From the line containing "<p>Matt Dunham - WPA" to the line containing "Young woman using" in the records below, set down every line exactly as it stands, both ends included, and skip the pictures.

## Data records:
########

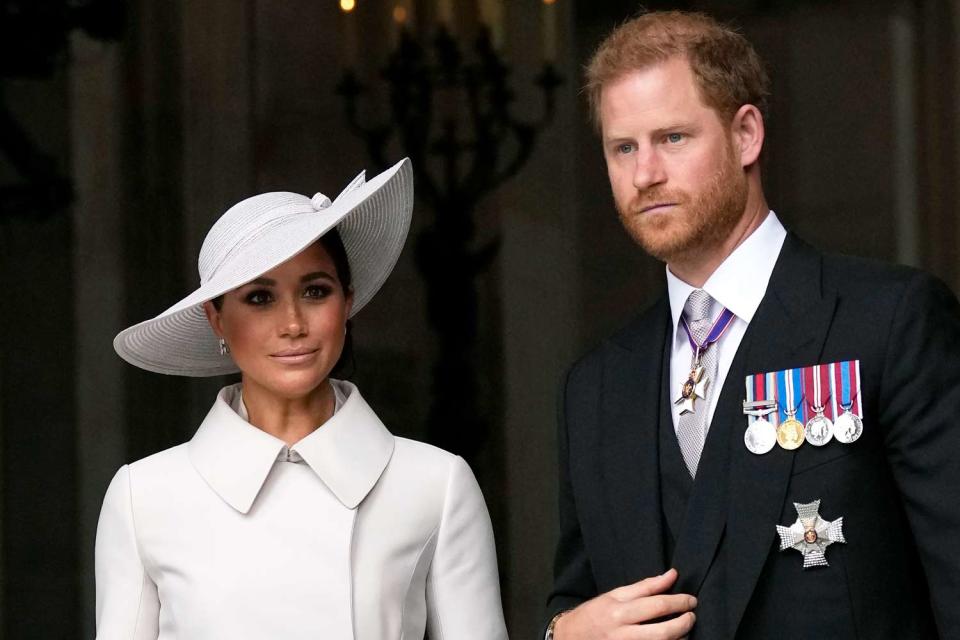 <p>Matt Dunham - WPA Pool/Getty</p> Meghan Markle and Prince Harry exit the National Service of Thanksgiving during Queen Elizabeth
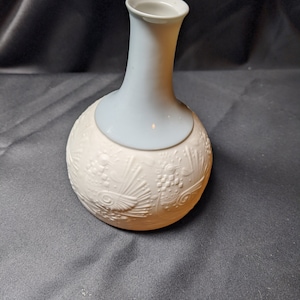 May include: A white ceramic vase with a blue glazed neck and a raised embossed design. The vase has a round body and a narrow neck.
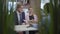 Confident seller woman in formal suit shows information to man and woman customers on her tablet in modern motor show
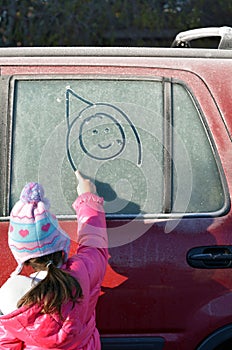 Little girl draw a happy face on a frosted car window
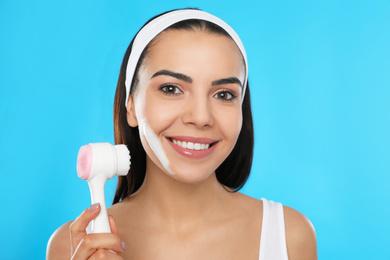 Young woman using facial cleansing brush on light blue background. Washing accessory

########

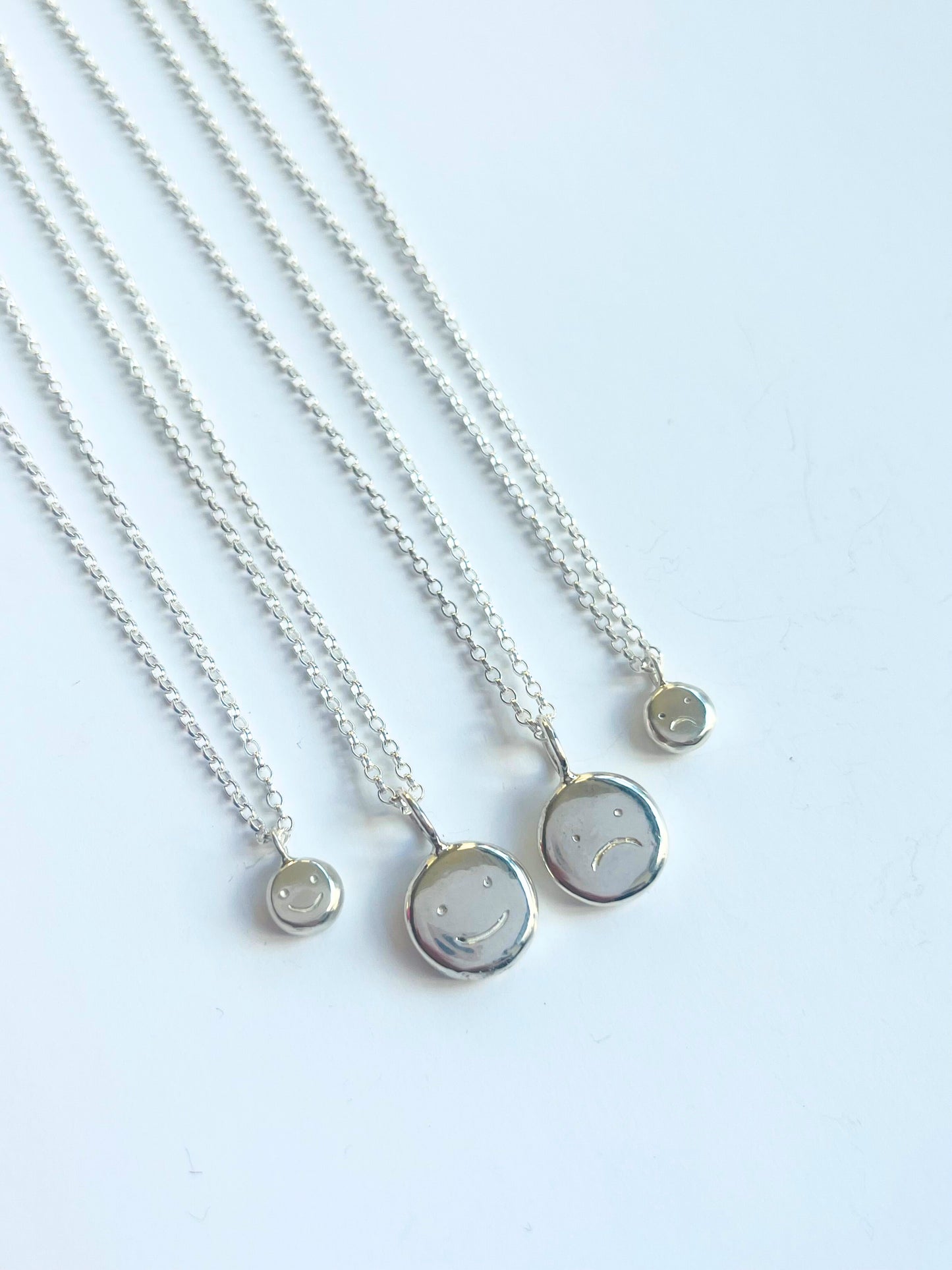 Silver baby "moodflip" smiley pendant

########

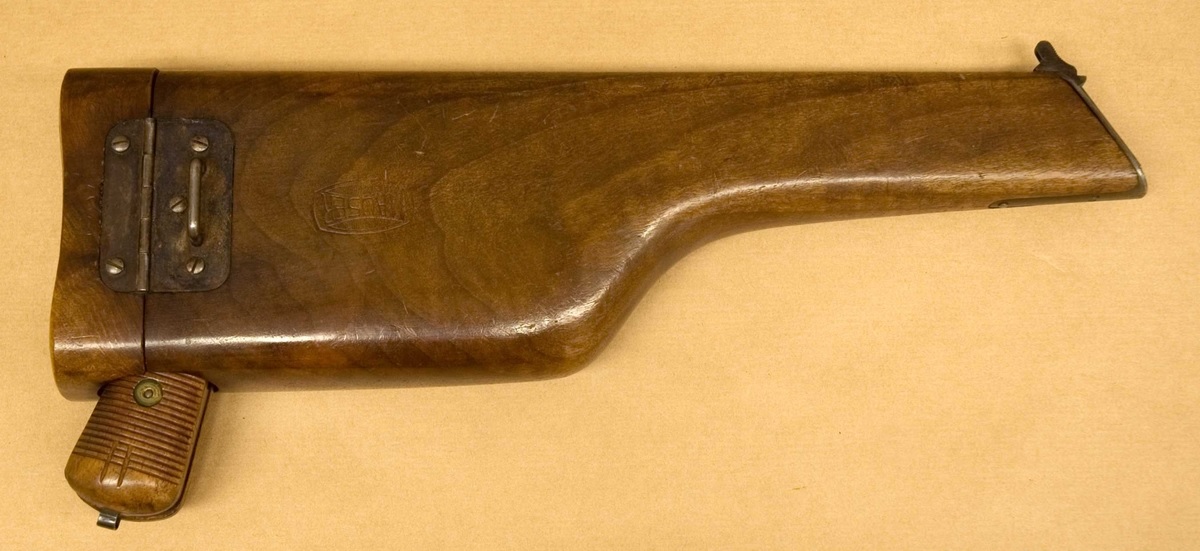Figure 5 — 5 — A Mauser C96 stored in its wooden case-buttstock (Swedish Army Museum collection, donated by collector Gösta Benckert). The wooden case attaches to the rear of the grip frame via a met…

########

## Completed task:
 <p>Matt Dunham - WPA Pool/Getty</p> Meghan Markle and Prince Harry exit the National Service of Thanksgiving during Queen Elizabeth
 May include: A white ceramic vase with a blue glazed neck and a raised embossed design. The vase has a round body and a narrow neck.
 Confident seller woman in formal suit shows information to man and woman customers on her tablet in modern motor show
 Little girl draw a happy face on a frosted car window
 Young woman using facial cleansing brush on light blue background. Washing accessory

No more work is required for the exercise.